#### [What the exercise asks]
Begin the copy at the line containing "Podmioty: MSW, inne" in the data below and end it at the line containing "股票配资博客 市政协前往市120急救中心开展调研协商", keeping each line exact and leaving out pictures.

#### [Records for the exercise]
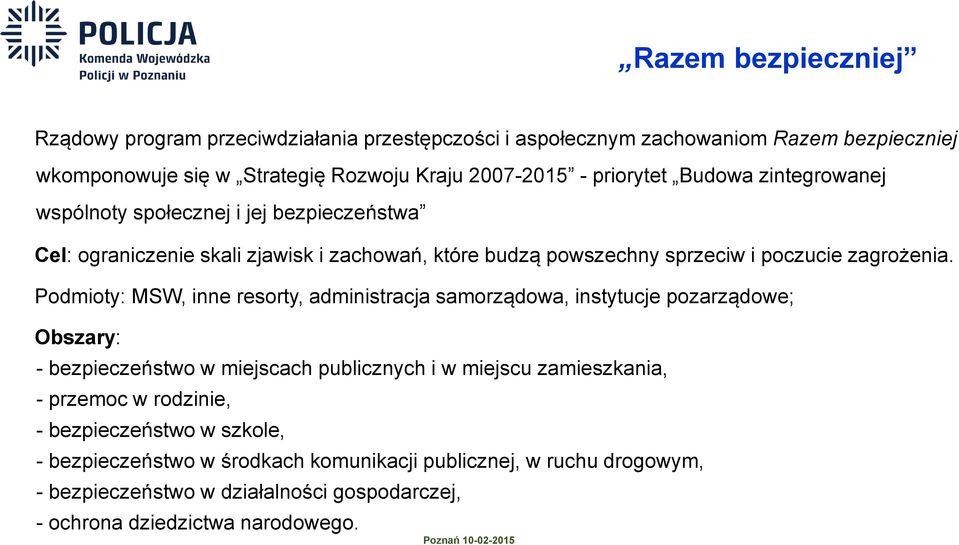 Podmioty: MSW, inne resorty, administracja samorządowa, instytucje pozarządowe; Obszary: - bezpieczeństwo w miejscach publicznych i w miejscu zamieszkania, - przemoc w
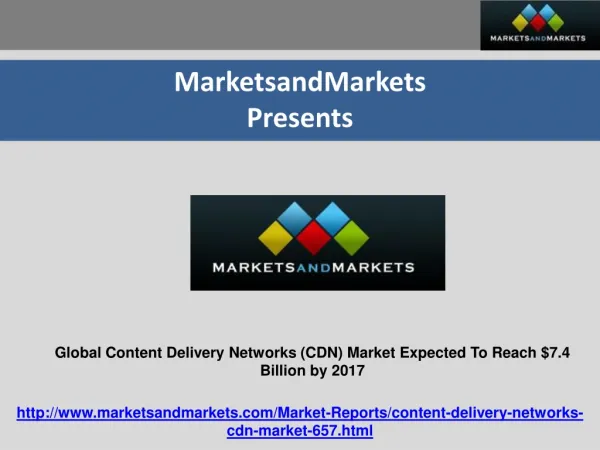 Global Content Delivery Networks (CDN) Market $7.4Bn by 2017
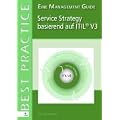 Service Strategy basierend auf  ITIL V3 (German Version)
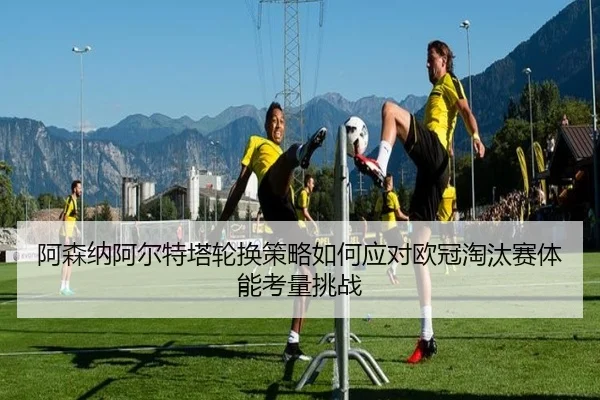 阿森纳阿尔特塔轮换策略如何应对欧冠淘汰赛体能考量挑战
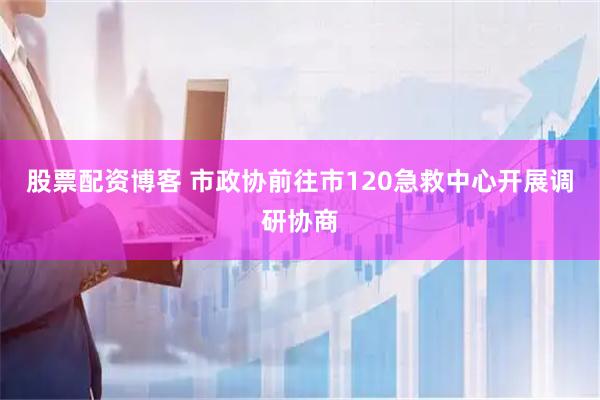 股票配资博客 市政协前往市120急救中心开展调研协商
* * *
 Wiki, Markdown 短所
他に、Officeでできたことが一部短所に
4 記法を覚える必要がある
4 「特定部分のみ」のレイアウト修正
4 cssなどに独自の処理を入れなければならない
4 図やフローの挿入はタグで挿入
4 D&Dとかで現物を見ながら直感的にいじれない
* * *
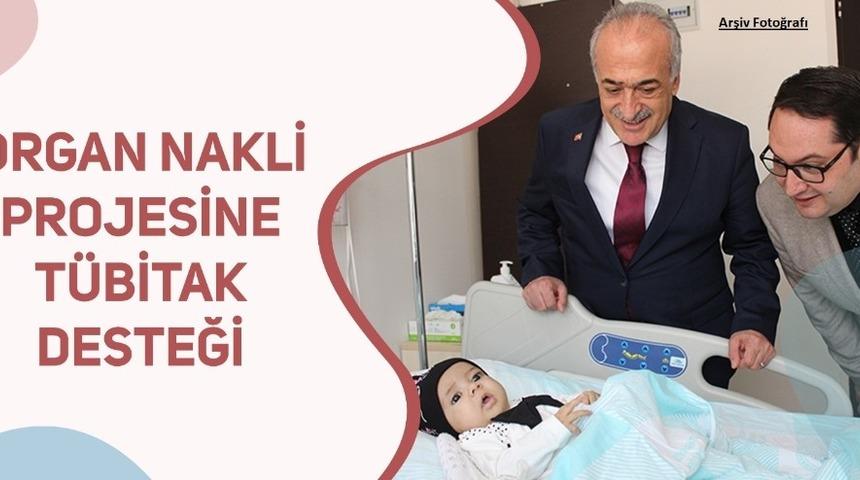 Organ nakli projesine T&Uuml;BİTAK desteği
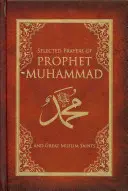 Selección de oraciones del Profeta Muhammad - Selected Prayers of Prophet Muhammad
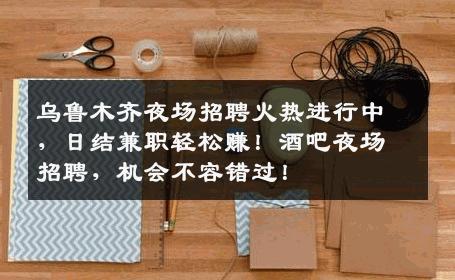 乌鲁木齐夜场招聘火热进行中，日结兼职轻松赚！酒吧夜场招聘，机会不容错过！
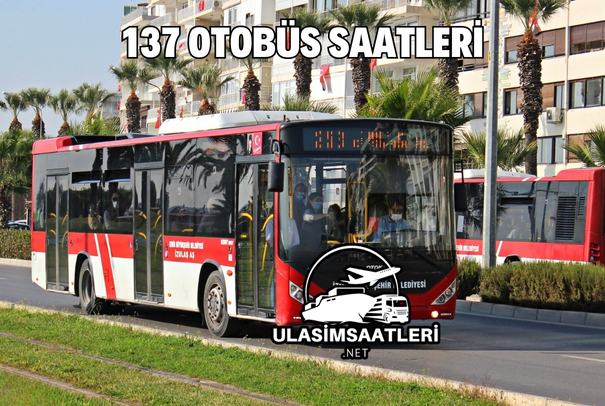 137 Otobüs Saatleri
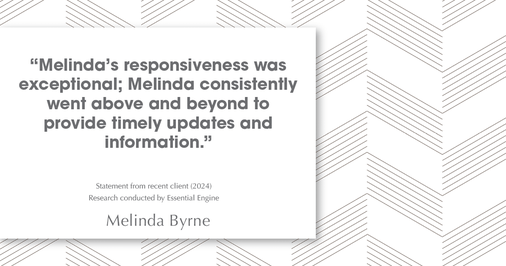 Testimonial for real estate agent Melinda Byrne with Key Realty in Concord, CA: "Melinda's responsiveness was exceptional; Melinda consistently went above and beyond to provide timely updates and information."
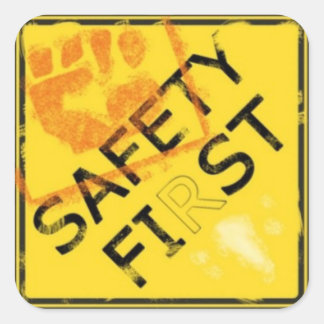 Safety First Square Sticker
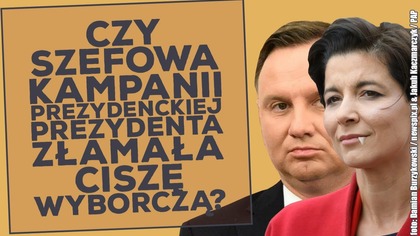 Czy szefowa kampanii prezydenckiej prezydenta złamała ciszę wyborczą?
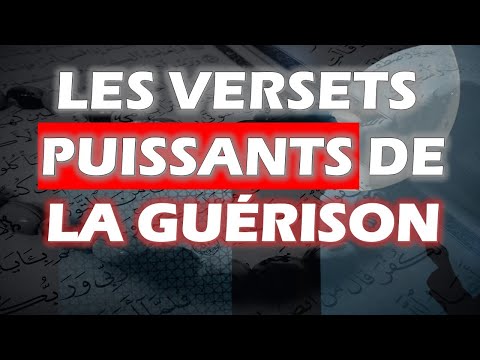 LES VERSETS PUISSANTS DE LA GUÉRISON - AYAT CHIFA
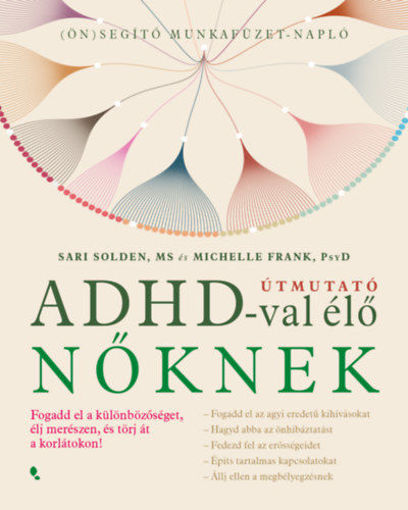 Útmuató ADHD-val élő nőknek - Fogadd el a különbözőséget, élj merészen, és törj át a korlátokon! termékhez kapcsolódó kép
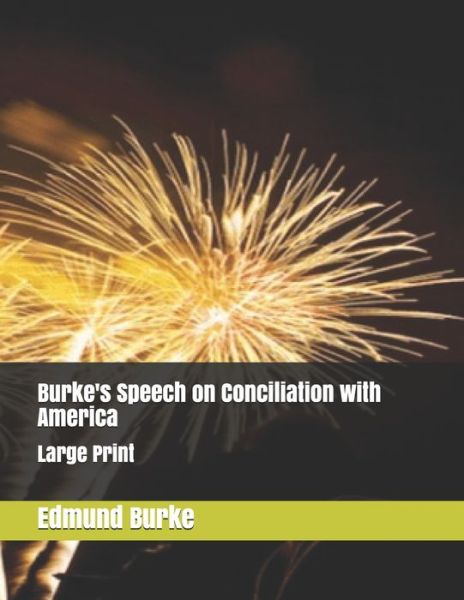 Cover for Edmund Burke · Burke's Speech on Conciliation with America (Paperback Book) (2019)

#### [Answer space]
 Podmioty: MSW, inne resorty, administracja samorządowa, instytucje pozarządowe; Obszary: - bezpieczeństwo w miejscach publicznych i w miejscu zamieszkania, - przemoc w
 Global Content Delivery Networks (CDN) Market $7.4Bn by 2017
 Service Strategy basierend auf  ITIL V3 (German Version)
 阿森纳阿尔特塔轮换策略如何应对欧冠淘汰赛体能考量挑战
 股票配资博客 市政协前往市120急救中心开展调研协商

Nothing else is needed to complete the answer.